*Your task:*
An exact, complete copy of the lines below is the expected answer.

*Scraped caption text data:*
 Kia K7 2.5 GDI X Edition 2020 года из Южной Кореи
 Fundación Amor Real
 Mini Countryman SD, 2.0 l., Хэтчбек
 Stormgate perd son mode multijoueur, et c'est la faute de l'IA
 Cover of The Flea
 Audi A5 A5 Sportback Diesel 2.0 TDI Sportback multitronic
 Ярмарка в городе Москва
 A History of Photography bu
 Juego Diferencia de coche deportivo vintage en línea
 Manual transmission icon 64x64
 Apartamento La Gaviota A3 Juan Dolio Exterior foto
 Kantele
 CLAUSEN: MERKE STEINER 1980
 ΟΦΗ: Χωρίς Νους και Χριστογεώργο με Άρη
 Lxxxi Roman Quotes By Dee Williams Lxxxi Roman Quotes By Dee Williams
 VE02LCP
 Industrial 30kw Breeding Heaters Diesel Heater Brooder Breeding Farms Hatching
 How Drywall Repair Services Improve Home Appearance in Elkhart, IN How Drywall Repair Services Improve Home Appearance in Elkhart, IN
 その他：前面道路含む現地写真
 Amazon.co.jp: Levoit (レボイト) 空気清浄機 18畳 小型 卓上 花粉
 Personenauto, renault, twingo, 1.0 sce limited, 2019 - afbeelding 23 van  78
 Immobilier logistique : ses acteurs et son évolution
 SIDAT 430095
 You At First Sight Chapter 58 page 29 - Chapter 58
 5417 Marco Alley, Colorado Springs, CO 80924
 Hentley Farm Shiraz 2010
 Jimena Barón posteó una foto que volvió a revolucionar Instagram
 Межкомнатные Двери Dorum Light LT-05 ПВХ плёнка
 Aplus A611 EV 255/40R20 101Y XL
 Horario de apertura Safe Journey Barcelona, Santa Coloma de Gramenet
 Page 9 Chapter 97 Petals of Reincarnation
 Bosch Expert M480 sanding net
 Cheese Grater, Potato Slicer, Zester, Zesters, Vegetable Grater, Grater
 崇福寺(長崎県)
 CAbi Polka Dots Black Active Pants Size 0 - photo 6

*Response area:*
 Kia K7 2.5 GDI X Edition 2020 года из Южной Кореи
 Fundación Amor Real
 Mini Countryman SD, 2.0 l., Хэтчбек
 Stormgate perd son mode multijoueur, et c'est la faute de l'IA
 Cover of The Flea
 Audi A5 A5 Sportback Diesel 2.0 TDI Sportback multitronic
 Ярмарка в городе Москва
 A History of Photography bu
 Juego Diferencia de coche deportivo vintage en línea
 Manual transmission icon 64x64
 Apartamento La Gaviota A3 Juan Dolio Exterior foto
 Kantele
 CLAUSEN: MERKE STEINER 1980
 ΟΦΗ: Χωρίς Νους και Χριστογεώργο με Άρη
 Lxxxi Roman Quotes By Dee Williams Lxxxi Roman Quotes By Dee Williams
 VE02LCP
 Industrial 30kw Breeding Heaters Diesel Heater Brooder Breeding Farms Hatching
 How Drywall Repair Services Improve Home Appearance in Elkhart, IN How Drywall Repair Services Improve Home Appearance in Elkhart, IN
 その他：前面道路含む現地写真
 Amazon.co.jp: Levoit (レボイト) 空気清浄機 18畳 小型 卓上 花粉
 Personenauto, renault, twingo, 1.0 sce limited, 2019 - afbeelding 23 van  78
 Immobilier logistique : ses acteurs et son évolution
 SIDAT 430095
 You At First Sight Chapter 58 page 29 - Chapter 58
 5417 Marco Alley, Colorado Springs, CO 80924
 Hentley Farm Shiraz 2010
 Jimena Barón posteó una foto que volvió a revolucionar Instagram
 Межкомнатные Двери Dorum Light LT-05 ПВХ плёнка
 Aplus A611 EV 255/40R20 101Y XL
 Horario de apertura Safe Journey Barcelona, Santa Coloma de Gramenet
 Page 9 Chapter 97 Petals of Reincarnation
 Bosch Expert M480 sanding net
 Cheese Grater, Potato Slicer, Zester, Zesters, Vegetable Grater, Grater
 崇福寺(長崎県)
 CAbi Polka Dots Black Active Pants Size 0 - photo 6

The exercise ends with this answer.